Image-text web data
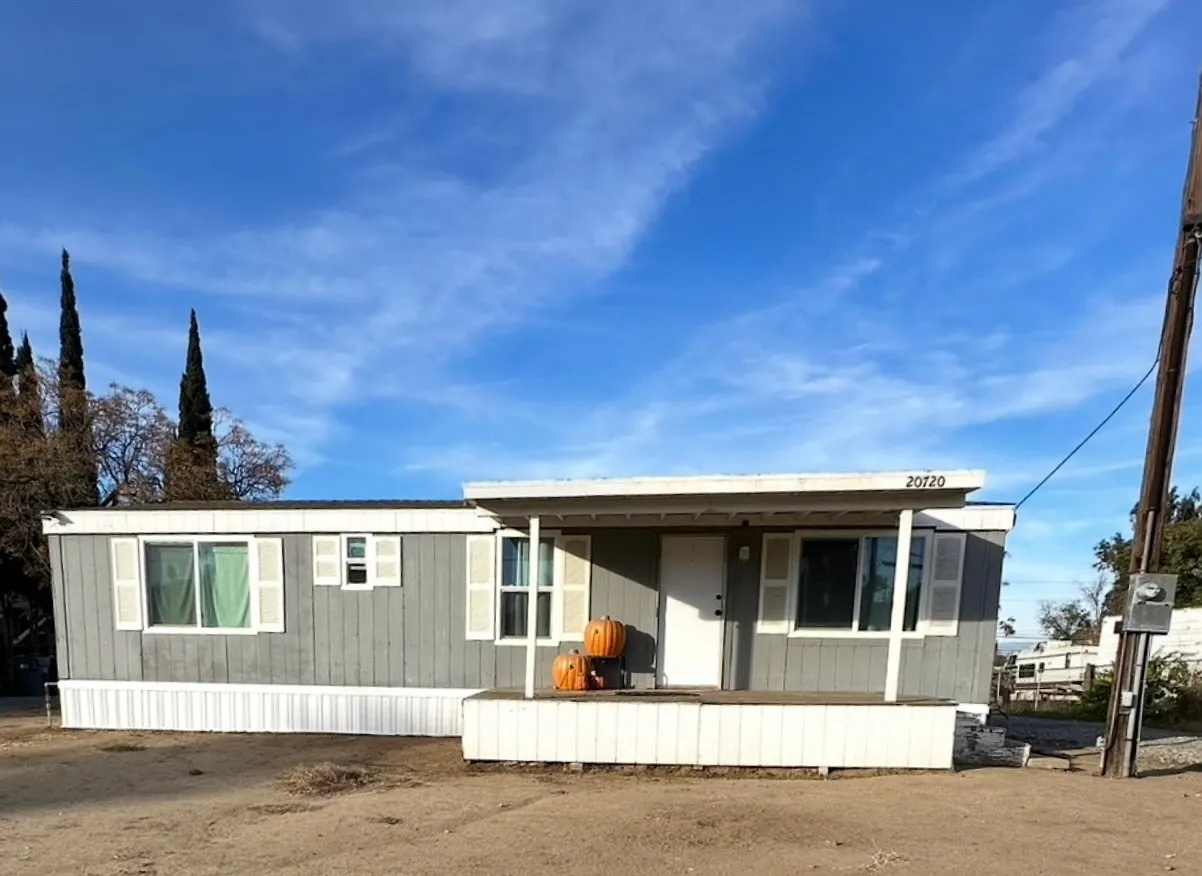 20720 Souder St — Photo 1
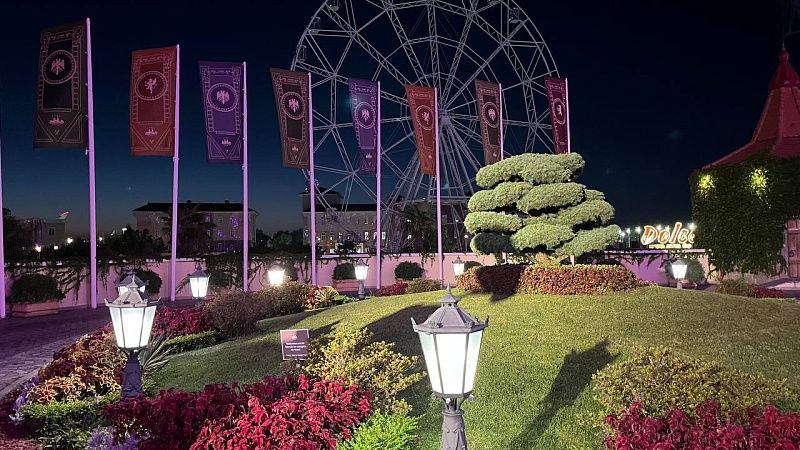 Зепюр Брутян с сыном прогулялась по детскому парку в Сочи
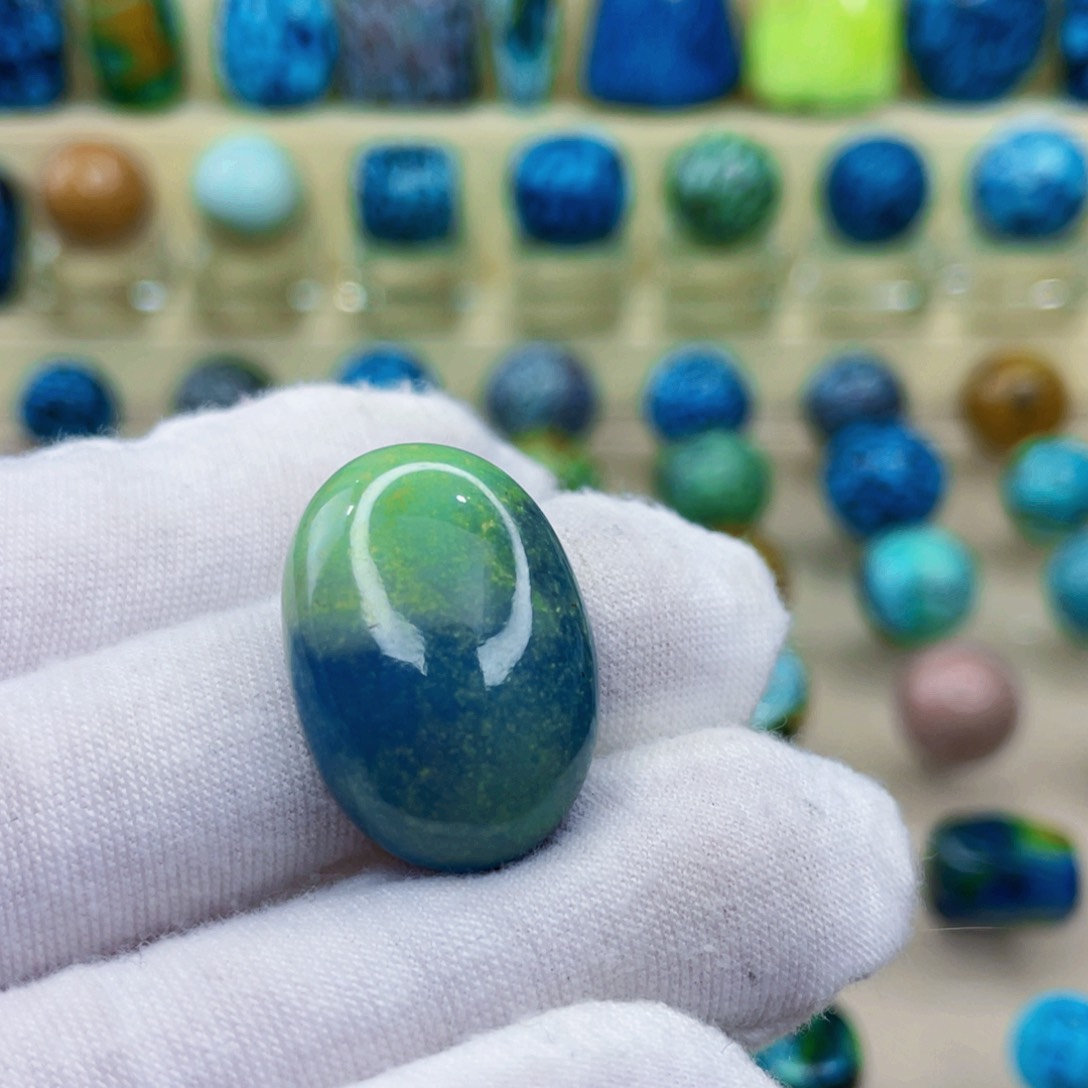 未镶嵌绿松石颈饰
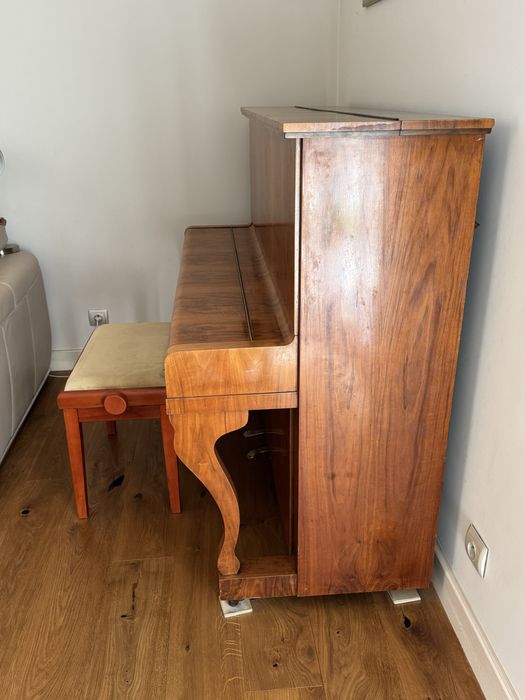 Pianino Legnica do nastrojenia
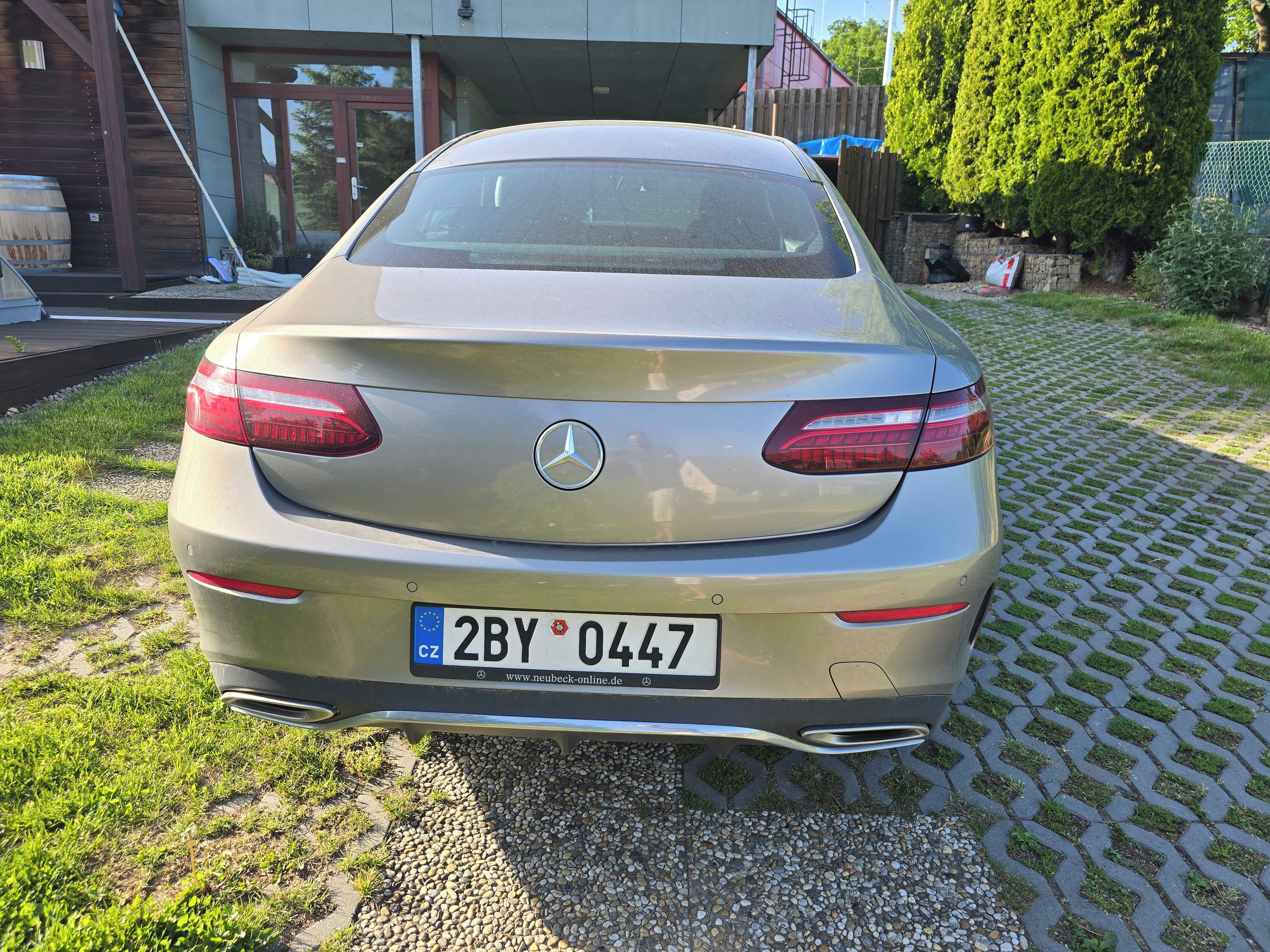 Mercedes-Benz Třídy E, E kupé 450, Pano, Vzduch, Bur+ - fotka 4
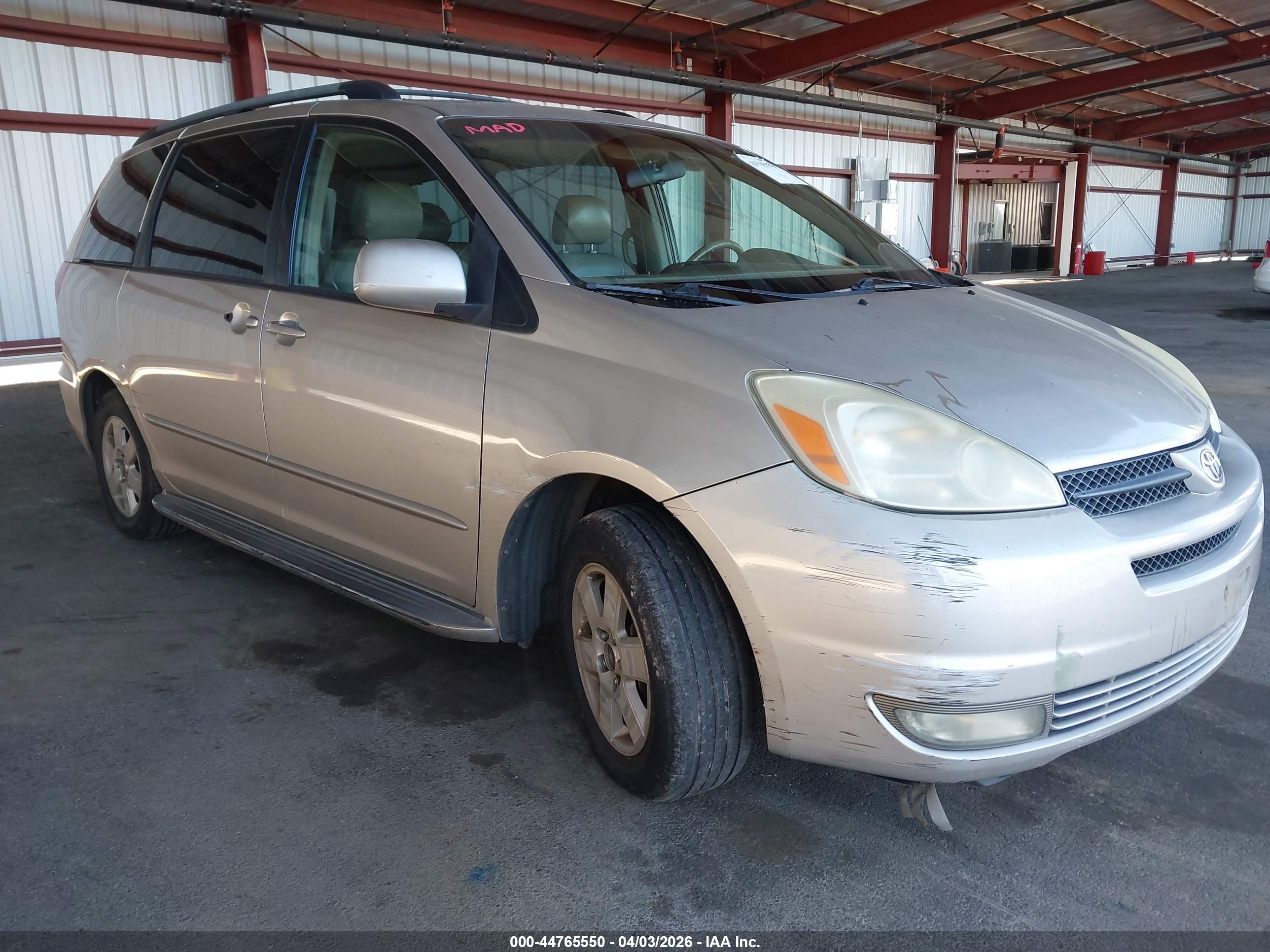 TOYOTA SIENNA image 6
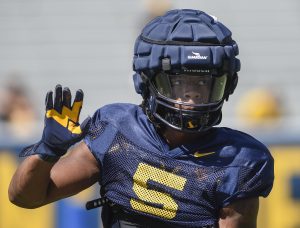 WVU linebacker Lance Dixon uses speed and more speed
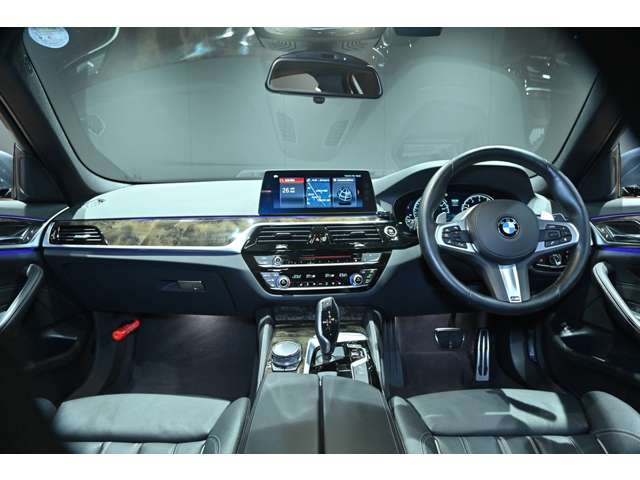 ＢＭＷ ５シリーズ ５４０ｉ　Ｍスポーツ H29年 () 99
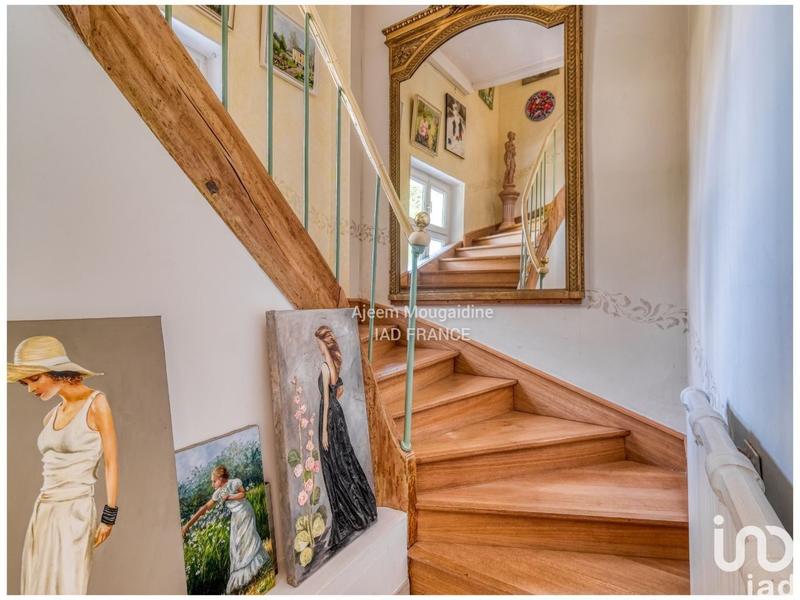 Maison - 226 m² - 9 pièces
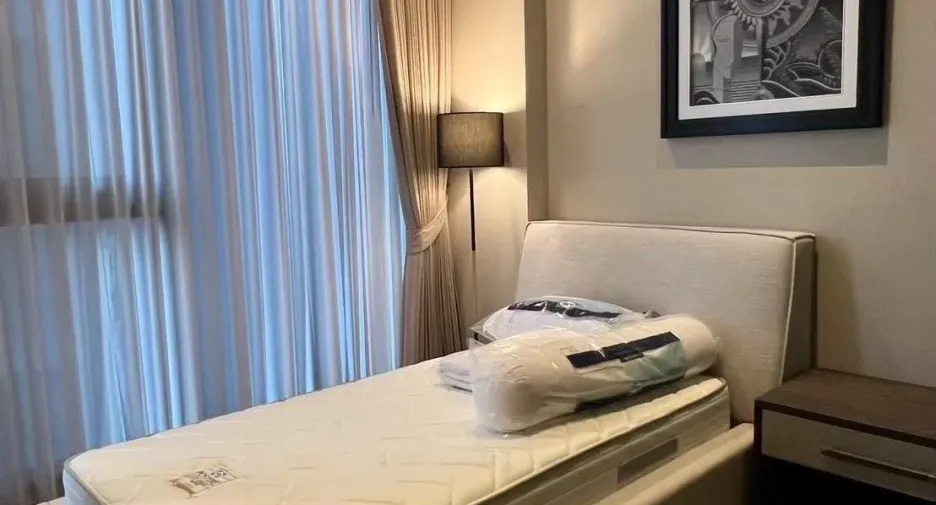 For rent 2 bedrooms condo in Khlong Toei, Bangkok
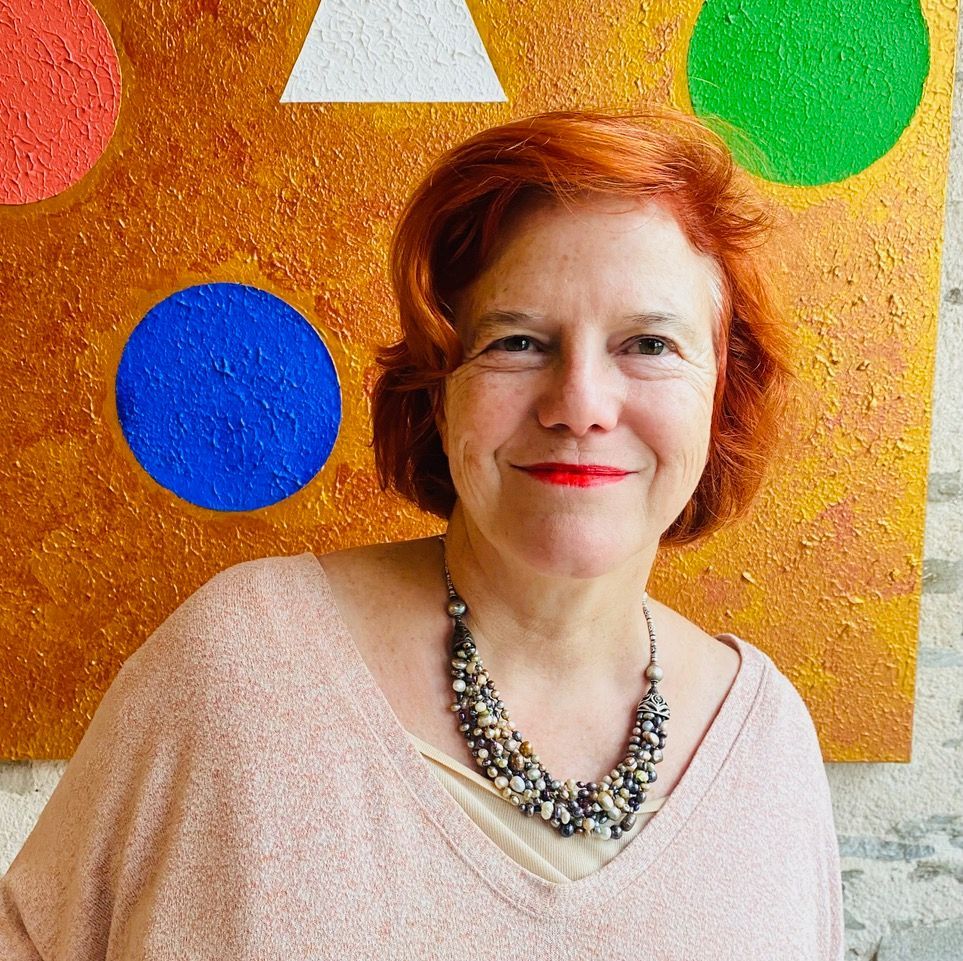 Portrait de Marie-Odile Brêthes créatrice de l'art-thérapie évolutive et formatrice Portrait de Marie-Odile Brêthes créatrice de l'art-thérapie évolutive et formatrice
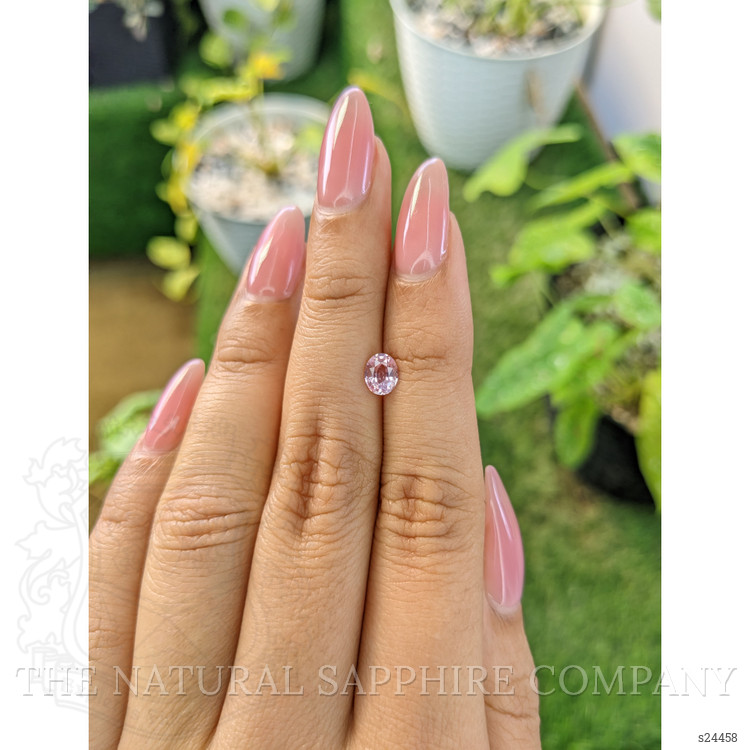 0.63 Ct. Pink Sapphire from Ceylon (Sri Lanka)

TASK DESCRIPTION
Each record above is to be copied out exactly; its pictures are not.

ANSWER SECTION
 20720 Souder St — Photo 1
 Зепюр Брутян с сыном прогулялась по детскому парку в Сочи
 未镶嵌绿松石颈饰
 Pianino Legnica do nastrojenia
 Mercedes-Benz Třídy E, E kupé 450, Pano, Vzduch, Bur+ - fotka 4
 TOYOTA SIENNA image 6
 WVU linebacker Lance Dixon uses speed and more speed
 ＢＭＷ ５シリーズ ５４０ｉ　Ｍスポーツ H29年 () 99
 Maison - 226 m² - 9 pièces
 For rent 2 bedrooms condo in Khlong Toei, Bangkok
 Portrait de Marie-Odile Brêthes créatrice de l'art-thérapie évolutive et formatrice Portrait de Marie-Odile Brêthes créatrice de l'art-thérapie évolutive et formatrice
 0.63 Ct. Pink Sapphire from Ceylon (Sri Lanka)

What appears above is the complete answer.